This overwrites the .dvc md5/size in place (commit that diff with a 📊🤖 message). Delete the local ivs.csv after.

Step 3 — Meadow: `etl/steps/data/meadow/ivs/<v>/integrated_values_surveys.py`

Add entries to VARS_DICT ("CODE": "Readable label") only for codes used as column suffixes — i.e. the loop groups. The rename works by column.endswith(code), then snake_cases. Custom single-question blocks already produce final names, so they get no VARS_DICT entry. Check that no new code is a suffix of another (e.g. H002_01 vs H002_1 — fine; just be deliberate).

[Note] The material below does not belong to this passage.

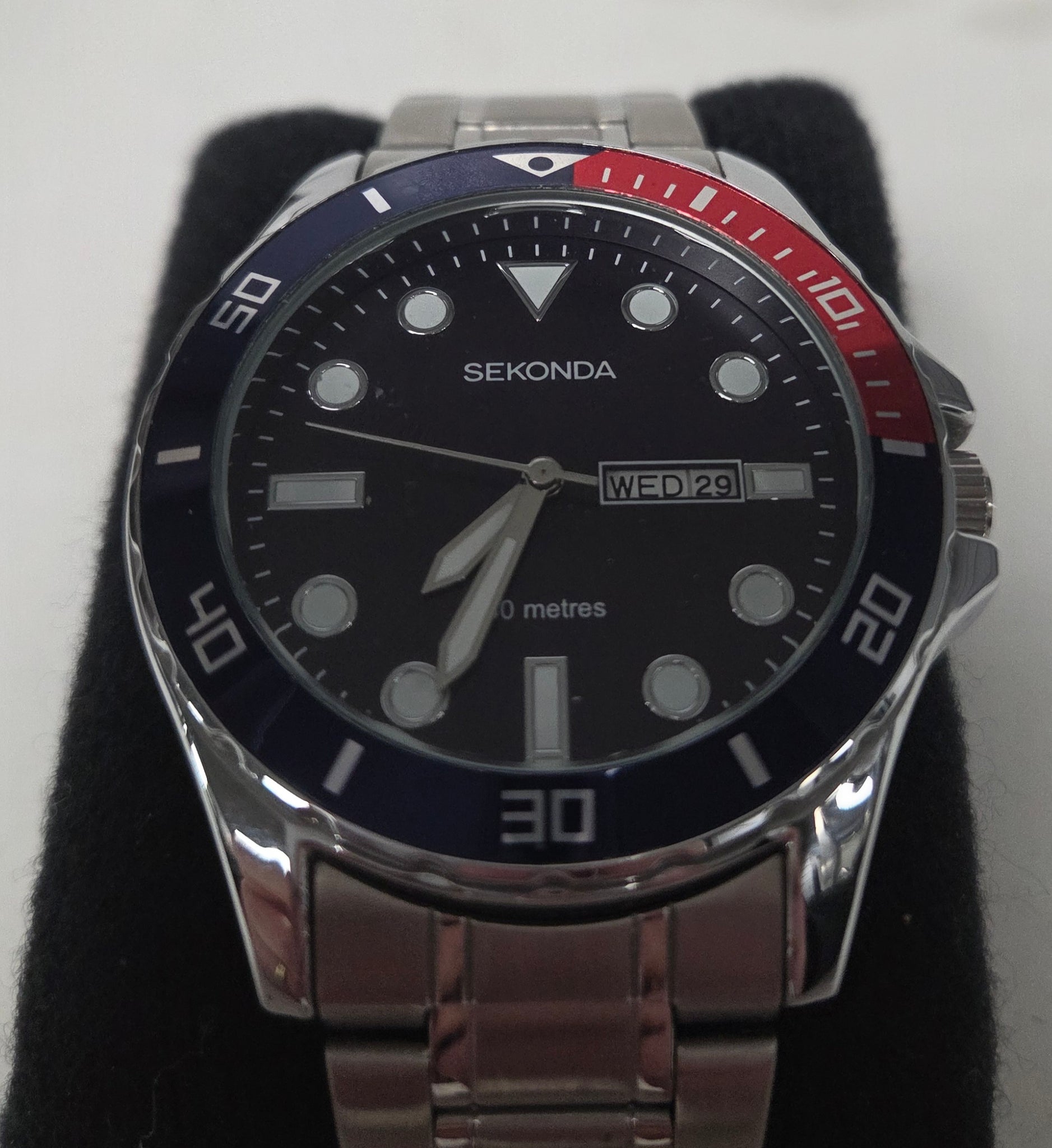 ** Collection Only ** Sekonda 1607 Mens Blue Face Watch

Labels: avoid : and other punctuation. rename_vars snake_cases in two steps — first a crude .str.lower().str.replace(" ", "_"), then tb.format() applies the real underscore(). A label like "Information source: Daily newspaper" ends up as information_source__daily_newspaper (the colon becomes a second underscore). Use colon-free labels ("Information source daily newspaper") so the final suffix is clean single-underscore (information_source_daily_newspaper), and put the nicely punctuated wording in the .meta.yml title/description_short instead. Codes with trailing letters (e.g. E248B, G007_18_B) work fine with endswith.

Step 4 — Garden: `etl/steps/data/garden/ivs/<v>/integrated_values_surveys.py`

Per categorical group add:

a suffix-list constant (the snake-cased item names),
a replace_dont_know_by_null(...) call — answers = the individual response categories (no aggregate, no DK/NA),
a check_sum_100(...) call — answers = individual categories + dont_know + no_answer.

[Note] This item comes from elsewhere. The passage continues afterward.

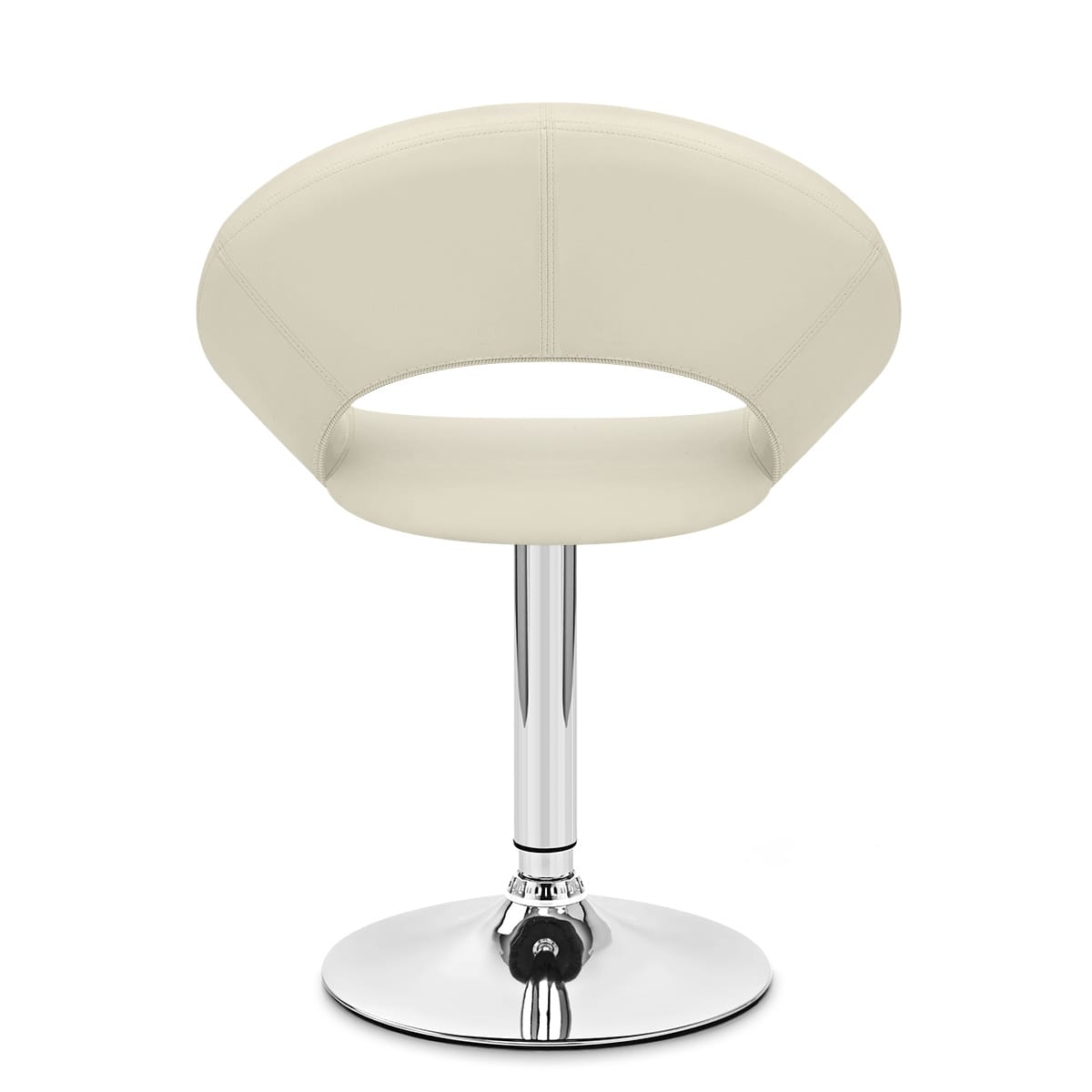 Silla Polipiel Cromo - Clementina Crema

check_sum_100 is the correctness gate: it fails loudly if a recode is wrong (categories must sum to 100%).

Derive the exact garden column suffixes (so the constants match meadow output) with the same transform meadow uses:

from owid.catalog.core.utils import underscore   # owid.catalog.utils path is deprecated
suffix = underscore("Information source daily newspaper")  # -> "information_source_daily_newspaper"

(apostrophes are dropped, hyphens → _; a colon would leave a double __, so keep labels colon-free.)

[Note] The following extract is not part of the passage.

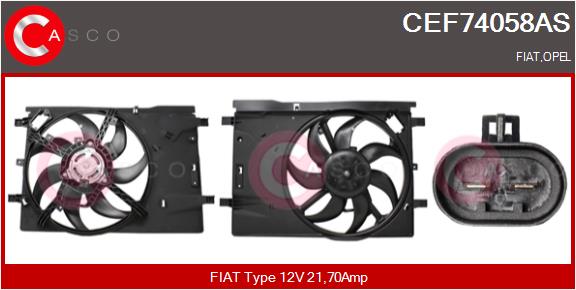 CASCO CEF74058AS Elektromotor vetráka chladiča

avg_score and the replace(0, NaN) step. Only indices where 0 is a genuine value need to be excluded from the 0→null replacement (WELZEL_EQUALITY_INDEX_COLUMNS, the 0–1 Welzel index). An ordinary avg_score_* on a 1–N scale (frequency 1–5, closeness 1–4, agree 1–10, …) never equals 0, so the replacement is a no-op for it — do not add those to the exclusion set. A truly continuous block also gets no replace_dont_know/check_sum.

Step 5 — Metadata: `etl/steps/data/garden/ivs/<v>/integrated_values_surveys.meta.yml`

Every new column needs an entry: title, single-quoted description_short (quote the question stem + answer options, double internal apostrophes for YAML), and display.name + <<: *common-display. Source the wording from the questionnaire PDF; the code→category order from the .dta. Index/unit-less columns (the avg_score_*) override unit: "" / short_unit: "" and numDecimalPlaces: 2; share columns inherit unit: "%" from &common-display. Generate the entries programmatically (it's 100s of columns) and append to the variables: block. To re-run the generator after a wording fix, splice cleanly: find the first new key in the file, truncate from there, and re-append the regenerated block (don't blindly append twice).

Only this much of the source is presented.